4. How will this loan be treated if the borrower should ever have to file bankruptcy?
Beyond that, asking for collateral may also be a good idea. It may be awkward, but it can save a load of headaches down the road.
“In my experience, the lender will typically not want to have collateral, but having collateral might well ensure that the loan eventually is repaid. It can also put the lender in a better position than the borrower’s other creditors,” Krekeler says. “This, of course, seems insignificant at the time the loan is made, but can be of great value later when the borrower has financial problems. Having a friendly party holding liens upon the debtor’s assets can be a valuable tool, not only for the lender, but for the borrower as well.”
If you’re dealing with a substantial amount of cash, you might even want to enlist the help of an attorney, or at least have an attorney review your contract and plan.
4. DON’T LOAN WHAT YOU CAN’T LOSE.
You also don’t want to stretch your own finances thin in order to supplement someone else’s. “Only lend what you can afford to give, not how much your friend needs,” Lim says. “You don't want to overextend your own budget helping someone else.”
And of course, make sure your partner or spouse is aware of the loan. “I have seen many instances where one spouse lends to a family member without the consent of the other spouse,” Krekeler says. “A later default then leads to even more personal pressures on both borrower and lender.”

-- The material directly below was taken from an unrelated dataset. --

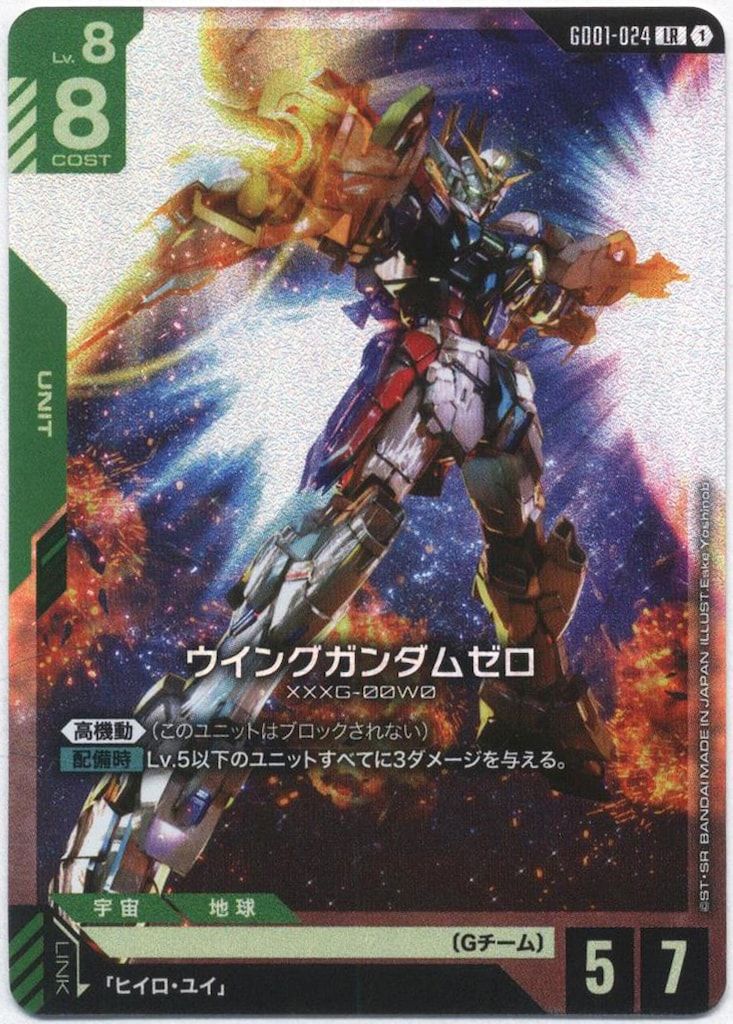 BANDAI Newtype Rising GD01-024 ウイングガンダムゼロ LR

5. BE PREPARED FOR THE LOSS.
Finally, even with a contract and a plan in place, you should always be prepared for the worst. If you want to keep the friendship intact, it may help to ultimately view the loan as gift.
“If your friend is unable to pay you back, the relationship wouldn't be ruined because you weren't expecting to get back that money anyway,” Lim says. “If your friend avoids your inquiries or conveniently ‘forgets’ that they owe you, I would consider it a lesson learned and move on.”